Eleven suspects have been arrested, including the alleged shooter identified as Rolfy Ferreyra, aka Sandy, a skinny, tattooed 25-year-old whom U.S. prosecutors said is wanted on armed robbery and gun charges in New Jersey.
Rodríguez said the shooting was orchestrated by a man named Victor Hugo Gomez, whom he described as a member or associate of the Gulf Cartel, one of Mexico's major drug-trafficking organizations. Officials did not say why Gomez would have targeted Fernandez.
Gomez was believed to be in the United States and was being sought by the Drug Enforcement Administration, said Maj. Gen. Ney Aldrin Bautista Almonte, director of the Dominican Republic's national police.
The weapon used in the shooting, a Browning Hi Power semi-automatic pistol, was buried in the garden of one of the suspect's home and was later turned over to police by his mother, according to court documents obtained by The Associated Press.
The other suspects include Joel Rodríguez de la Cruz, aka Squiddy; Reynaldo Rodríguez Valenzuela, aka The Chinaman; Franklin Junior Merán, aka Rubirosa; Porfirio Ayendy Dechamps Vásquez, aka Kid; and Eddy Vladimir Feliz García, aka The Package, who was identified as the alleged motorcycle driver.
Authorities say Garcia was captured and beaten by angry fans after he skidded and fell off his bike as the pair tried to flee. García's attorney has said his client is an Ortiz fan and had no idea his passenger was going to commit a crime.
Another suspect was identified as Oliver Moisés Mirabal Acosta, aka Papi, whose father accused him of being involved in a gang of hit men and low-level drug dealers. He is accused of driving one of the cars used to stalk Ortiz before he was shot.
Also accused is Gabriel Alexander Pérez Vizcaíno, aka Bone, whom they say was hired by someone who is in prison on unrelated charges to be the liaison between the hit men and the person who paid them. Authorities say Pérez shared a picture of the target as he met the other suspects at a nearby gas station just minutes before the shooting, although they have not specified who was depicted in the picture.
They said Pérez then sold the cell phone used to plan the attack and to distribute a picture of the target to a woman for $180 so he could get rid of the evidence a day after the shooting.
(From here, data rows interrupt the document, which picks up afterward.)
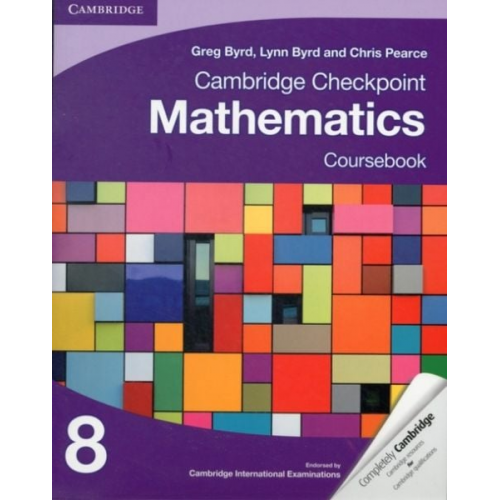 Chris Pearce Greg Byrd Lynn Byrd - Cambridge Checkpoint Mathematics Coursebook 8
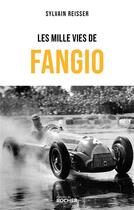 Couverture du livre « Les mille vies de Fangio » de Sylvain Reisser aux éditions Rocher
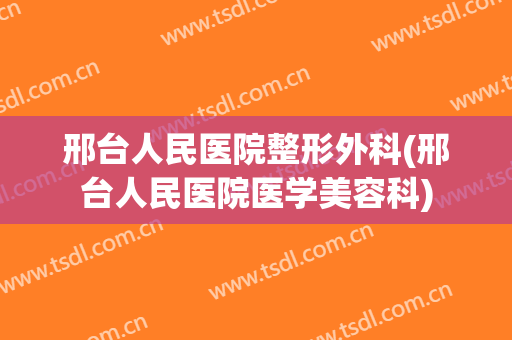 邢台人民医院整形外科(邢台人民医院医学美容科)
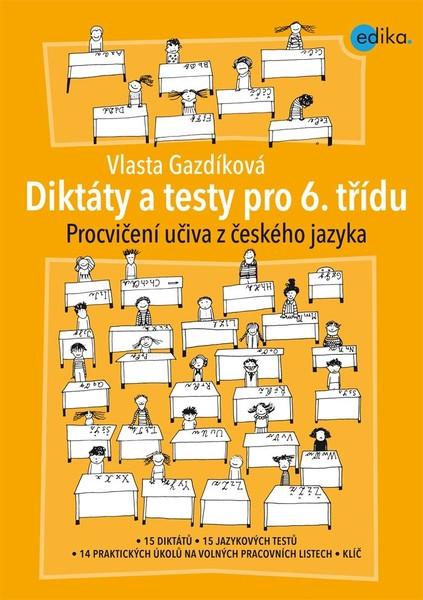 Diktáty a testy pro 6. třídu - 978-80-266-1567-5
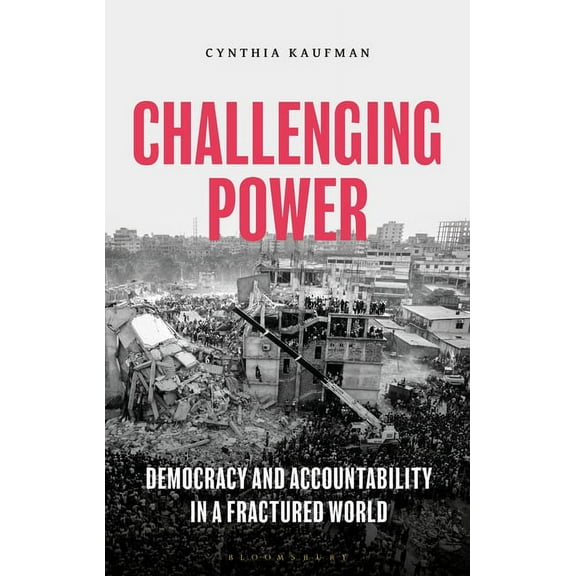 Challenging Power: Democracy and Accountability in a Fractured World, (Paperback)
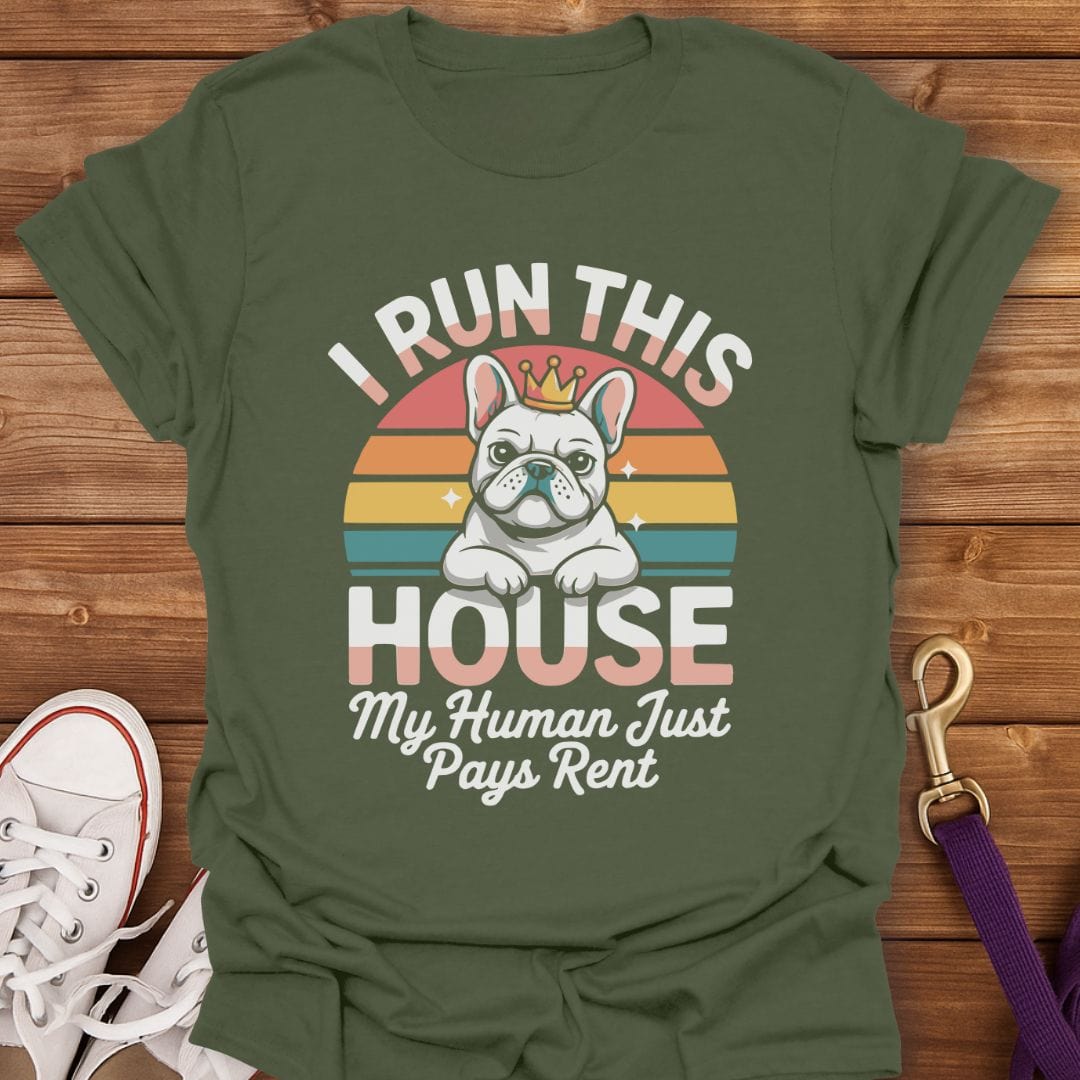 I Run This House T-Shirt Military Green / S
Police are still looking for at least three other suspects: a woman known as The Venezuelan or Red; Luis Alfredo Rivas Clase, aka The Surgeon, who is wanted for a 2018 shooting in Reading, Pennsylvania, and is believed to driving the other used to stalk Ortiz; and Alberto Miguel Rodríguez Mota, whom authorities believe paid the hit men. Authorities have said coordinator of attack was offered 400,000 Dominican pesos, or about $7,800.
Wednesday's announcement came as Ortiz recovers at Massachusetts General Hospital. Doctors in the Dominican Republic removed his gallbladder and part of his intestine before he was wheeled into an air ambulance sent by the Red Sox and flown to Boston.
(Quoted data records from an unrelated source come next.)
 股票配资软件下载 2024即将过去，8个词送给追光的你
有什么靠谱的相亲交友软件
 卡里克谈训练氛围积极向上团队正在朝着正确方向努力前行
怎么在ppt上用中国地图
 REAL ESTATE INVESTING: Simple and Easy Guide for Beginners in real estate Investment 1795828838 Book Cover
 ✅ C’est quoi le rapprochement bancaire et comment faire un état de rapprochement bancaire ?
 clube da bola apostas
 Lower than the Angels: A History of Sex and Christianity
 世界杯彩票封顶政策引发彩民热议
Ortiz led the Red Sox to three World Series championships, was a 10-time All-Star and hit 541 home runs. The Red Sox retired his number, 34, in 2017, and he has a bridge and a stretch of road outside Fenway Park named after him. He has a home in Weston, on the outskirts of Boston, that he shared with his wife and three children before putting it up for sale.
Although he lives in Boston, the 43-year-old visits the Dominican Republic several times a year. His father and sister live in Santo Domingo.